Horizonte Letrado.

Vejo. vez em quando, ao longe, uma planície bela e muito sutil, daquelas que não se pode querer esgotar a imagem com uma simples passada de olhos. Detenho-me nela, presto atenção às nuances que a compõe e fico a contemplá-la; demoro-me, enamoro-me.

O tempo passa, mas não pra mim. Cada segundo é um acréscimo, não uma perda. Sua imagem imprime em mim coisas que ao serem expressas podem não ser de todo fidedignas. Dar conta dessa expriência por meio de narrativas e discursos pomposos é algo impensável. Mas guardá-la apenas para mim e deixá-la escondida de todos é, no mínimo, uma grosseria. Por isso necessito equilibrar-me por entre as duas perspectivas, deixá-la (a imagem) exposta e lançar mão de letras que se colem a ela, que lhe sejam inerentemente significativas.

O horizonte de que falava empresta suas letras para que o texto lhe confira uma maior popularidade, para que muitos sintam aquilo que poucos experienciaram. O verde campestre, os pés campôneos, as mãos de trabalhadores, a força da terra e o toque do sol, todos estes elementos dão, em síntese, algo como que uma face, um semblante de bem-estar, calmaria e renovação. Aos ventos que trazem as boas novas, lancemos sorrisos, não como uma prova de gratidão, mas sim, ates, como uma prova de que lhe ouvimos, de que lhe entendemos.

Passam-se horas e dores e eu continuo a contemplar. Agarro-me às imagens por mim montadas e que precisam de uma união artificial, um tanto arbitrária. Começo escolhendo os termos, encaixando as vírgulas e conjugando os prazeres.

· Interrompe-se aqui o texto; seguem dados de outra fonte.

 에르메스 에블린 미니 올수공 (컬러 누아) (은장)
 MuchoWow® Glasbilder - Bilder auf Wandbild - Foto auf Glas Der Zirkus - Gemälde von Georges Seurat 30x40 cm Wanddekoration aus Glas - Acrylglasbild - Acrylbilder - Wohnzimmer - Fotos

O que obtenho é uma descrição que se pretende muito pouca, já que não se compara coisas de naturezas diferentes. Aliás, usar "natureza" aqui é algo um tanto irônico, pois o natural é o próprio horizonte das experiências ao qual as letras se agarram; elas têm uma origem diferente, surgem por outras razões que talvez possamos conhecer. Penso que no que elas se igualam é em sua finalidade; tanto a natureza, quanto as letras nos presenteiam com sua beleza e graciosidade. Basta saber reconhecer isso nelas.

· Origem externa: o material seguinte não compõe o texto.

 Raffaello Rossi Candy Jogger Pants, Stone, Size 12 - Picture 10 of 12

Agora, depois de já ter lançado inúmeros símbolos que pretendem cristalizar essa experiência, começo a olhar para o alto. A sensação que se apresenta é boa e assustadora, parece que perco meu corpo, meus pensamentos e símbolos neles presentes se fundem com a inicial imagem e formam um todo orgânico e articulado; tenho diante de mim uma mescla de símbolo e natural, símbolo in natura. Aprendo, com isso, que símbolos só são verdadeiros na medida em que são mesclados com o naturalmente belo e esplêndido. Não me serviria de nada criar símbolos e colocá-los lado a lado, de modo que formassem sentenças agradáveis mas inverossímeis. Há que se ter uma imagem que lhe corresponda, uma experiência vívida vivida vívidamente; enfim, há que se ter um horizonte.